(Supplied entries Opens)
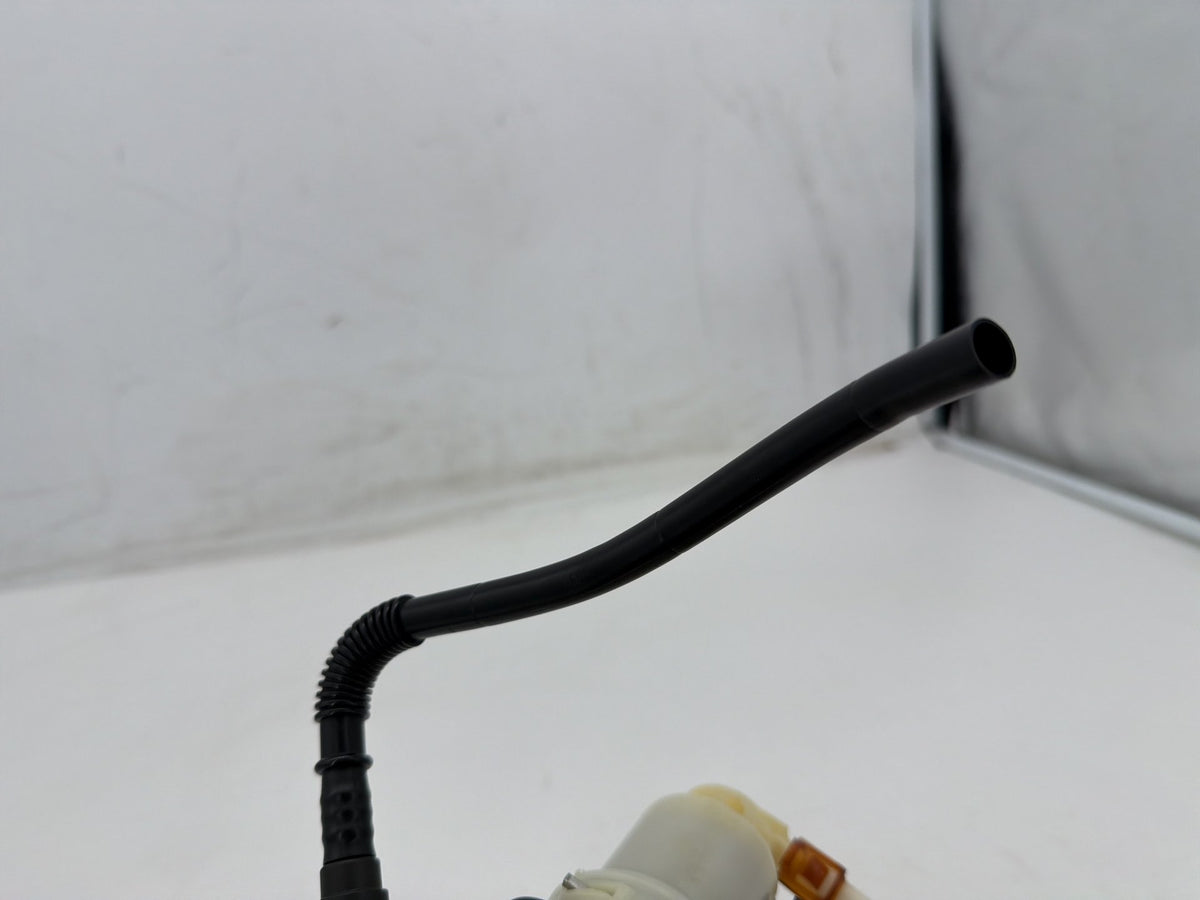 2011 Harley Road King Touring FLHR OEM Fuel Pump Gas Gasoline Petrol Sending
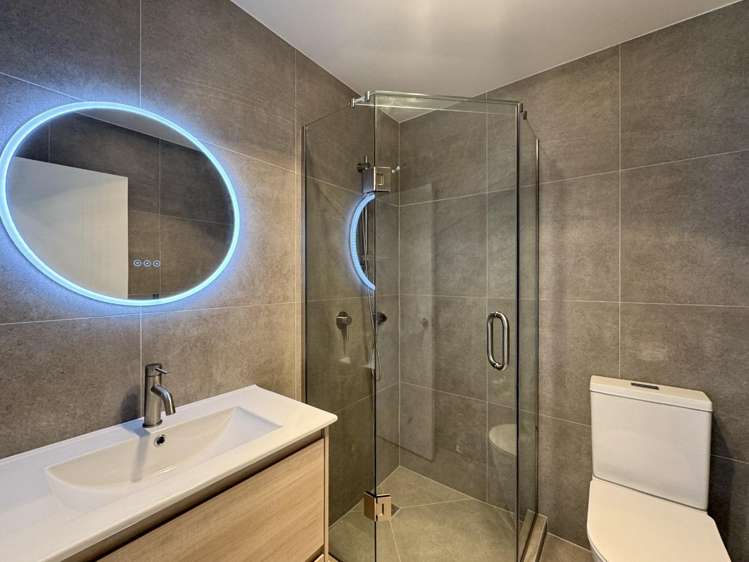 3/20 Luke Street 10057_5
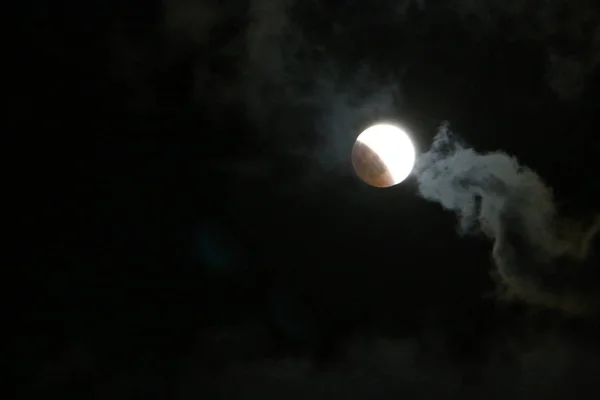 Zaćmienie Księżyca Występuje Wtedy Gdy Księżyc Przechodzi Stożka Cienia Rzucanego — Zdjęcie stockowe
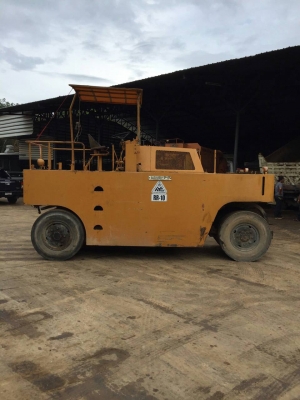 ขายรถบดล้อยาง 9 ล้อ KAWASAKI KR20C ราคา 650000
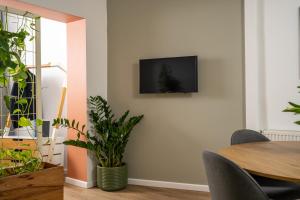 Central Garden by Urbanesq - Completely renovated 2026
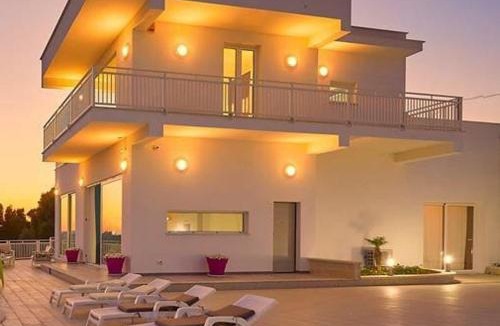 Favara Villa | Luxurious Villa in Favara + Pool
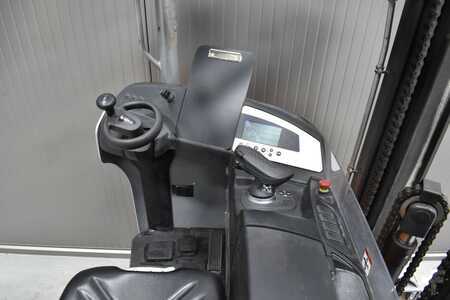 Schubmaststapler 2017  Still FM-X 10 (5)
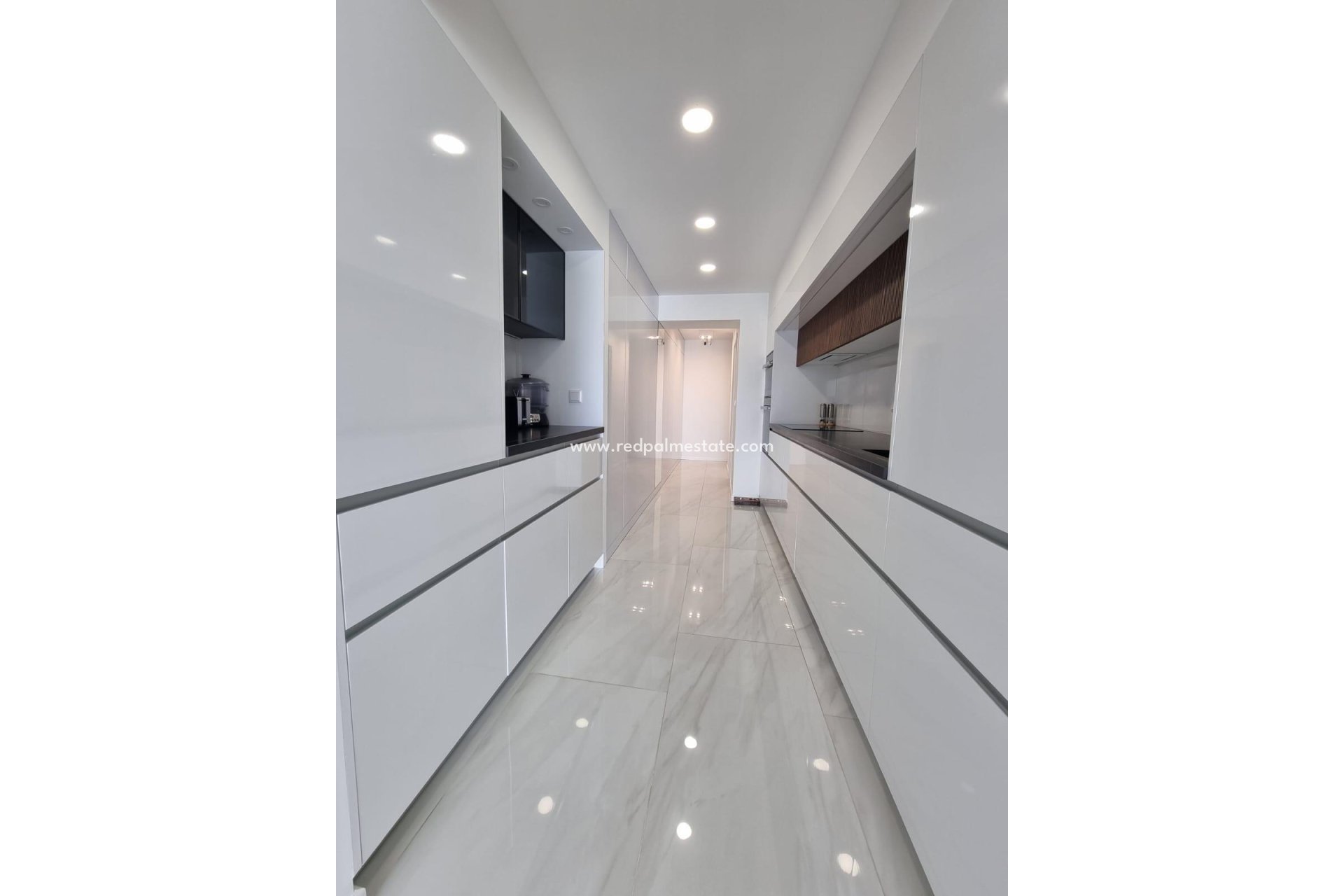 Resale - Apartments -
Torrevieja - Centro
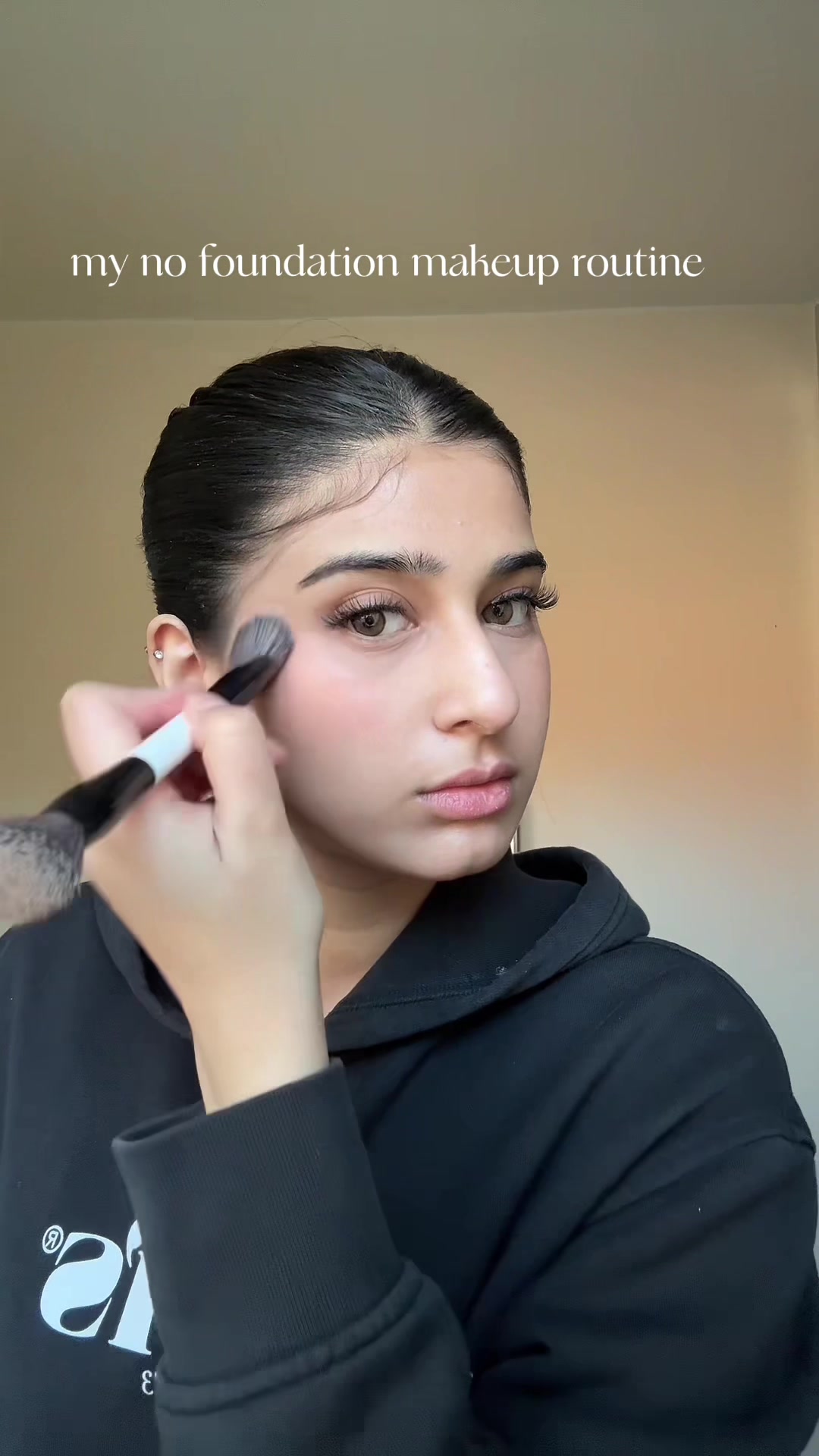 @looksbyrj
(Supplied entries Closes)
» Task objective
Reproduce the whole listing above word for word, but not its pictures.

» Exercise result
 2011 Harley Road King Touring FLHR OEM Fuel Pump Gas Gasoline Petrol Sending
 3/20 Luke Street 10057_5
 Zaćmienie Księżyca Występuje Wtedy Gdy Księżyc Przechodzi Stożka Cienia Rzucanego — Zdjęcie stockowe
 ขายรถบดล้อยาง 9 ล้อ KAWASAKI KR20C ราคา 650000
 Central Garden by Urbanesq - Completely renovated 2026
 Favara Villa | Luxurious Villa in Favara + Pool
 Schubmaststapler 2017  Still FM-X 10 (5)
 Resale - Apartments -
Torrevieja - Centro
 @looksbyrj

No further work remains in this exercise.